# Analyzing Algorithms Part II

In this lesson, we'll dry run insertion sort and count the instructions executed on an array of length 5.

We'll now dry run our algorithm on the input array and trace the number of instructions executed in each iteration. We'll sum up the number of instructions across all the iterations to get a final count of instructions for the entire run. In the previous section, we worked out the instruction counts of the inner and outer loop to be those below:

Number of instructions executed per iteration of outer for loop = 4

Number of instructions executed per iteration of inner while loop = 7

The code from the previous section is reproduced below:

```
1. for (int i = 0; i < input.length; i++) {
2. int key = input[i];
3. j = i - 1;
4. while (j >= 0 && input[j] > key) {
5. if (input[j] > key) {
6. int tmp = input[j];
7. input[j] = key;
8. input[j + 1] = tmp;
9. j--;
10. }
11. }
12. }
```

## First Iteration of Outer Loop | when i = 0, key = 7

j = -1 inner loop doesn't execute

Total cost for 1st iteration = Outer Loop + Inner Loop

= 4 + [ ( iterations * 7 ) + 2 ]

= 4 + [ ( 0 * 7 ) + 2 ]

= 6 instructions

## Second Iteration of Outer Loop | when i = 1, key = 6

j = 0

Total cost for 2nd iteration = Outer Loop + Inner Loop

= 4 + [ ( iterations * 7 ) + 2 ]

= 4 + [ ( 1 * 7 ) + 2 ]

= 13 instructions

## Third Iteration of Outer Loop | when i = 2, key = 5

j = 1

j = 0

Total cost for 3rd iteration = Outer Loop + Inner Loop

= 4 + [ ( iterations * 7 ) + 2 ]

= 4 + [ ( 2 * 7 ) + 2 ]

= 20 instructions

## Fourth Iteration of Outer Loop | when i = 3, key = 4

j = 2

j = 1

j = 0

Total cost for 1st iteration = Outer Loop + Inner Loop

= 4 + [ ( iterations * 7 ) + 2 ]

= 4 + [ ( 3 * 7 ) + 2 ]

= 27 instructions

## Fifth Iteration of Outer Loop | when i = 4, key = 3

j=3

j=2

j=1

j=0

Total cost for 1st iteration = Outer Loop + Inner Loop

= 4 + [ ( iterations * 7 ) + 2 ]

= 4 + [ ( 4 * 7 ) + 2 ]

= 34 instructions

However, remember that to exit the loop the increment and the inequality statements will execute for one last time, so we need to add that cost too.

= 34 + 2

= 36 instructions

Iteration | Instructions Executed | |
---|---|---|

1 | 6 | |

2 | 13 | |

3 | 20 | |

4 | 27 | |

5 | 36 | |

Total Cost | 6 + 13 + 20 + 27 + 36 = 102 instructions |

One can observe that as the size of the array increases, the inner loop's iterations will correspondingly increase, and the running time of the program will increase.

## Using Formulas

From the previous section, we can plug the formulas we produced to get the same result. There were 5 iterations of the outer for loop, so the instructions executed for the outer *for* loop are:

$[2*(n+1)+2n],\:where\:n\:is\:number\:of\:iterations$

$=[2*(5+1)+2*5]$

$=[12+10]$

$=22\:instructions$

The number of iterations for the inner loop varies for each iteration of the outer loop given by **(k x 7) + 2**

- No iteration on first run of outer loop.

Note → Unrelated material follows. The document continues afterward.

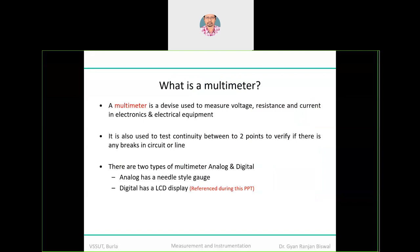The first question is: what is a multimeter? A multimeter is a device — and because it is known as a multimeter — it is designed to perform multiple operations. The operations of measurement include voltage, resistance, and current in an electronic or electrical circuit, as well as frequency. It is also used to test the continuity between two points, to verify if there are any breaks in the circuit or line.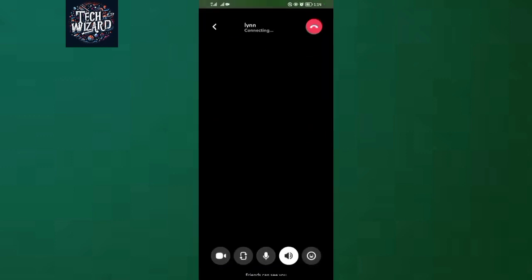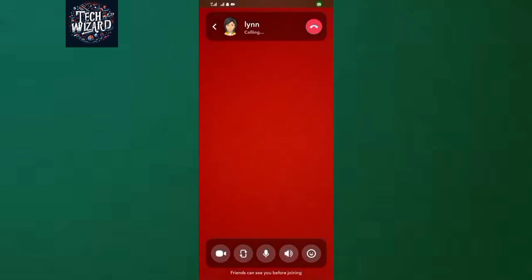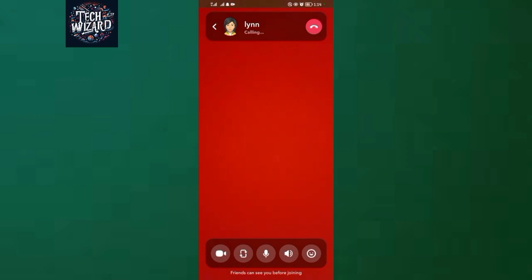I'm video calling this person. If this person picks up my call, an option of share screen will show up right here where the sticker option is, and I'll be able to share my screen with this person right away.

= (0 x 7) + 2 = 2 - 1 iteration in second run of outer loop:

= ( 1 x 7 ) + 2 = 9 - 2 iterations on third run of outer loop:

= ( 2 x 7 ) + 2 = 16 - 3 iterations on fourth run of outer loop:

= ( 3 x 7 ) + 2= 23 - 4 iterations on fifth run of outer loop:

= ( 4 x 7 ) + 2= 30 - Total instructions executed for the inner while loop are then: 2 + 9 + 16 + 23 + 30 = 80 instructions.

The number of instructions for the entire run comes out to be ** 80 + 22 = 102 instructions**. Note how our formulas match the exact count we found from the dry run!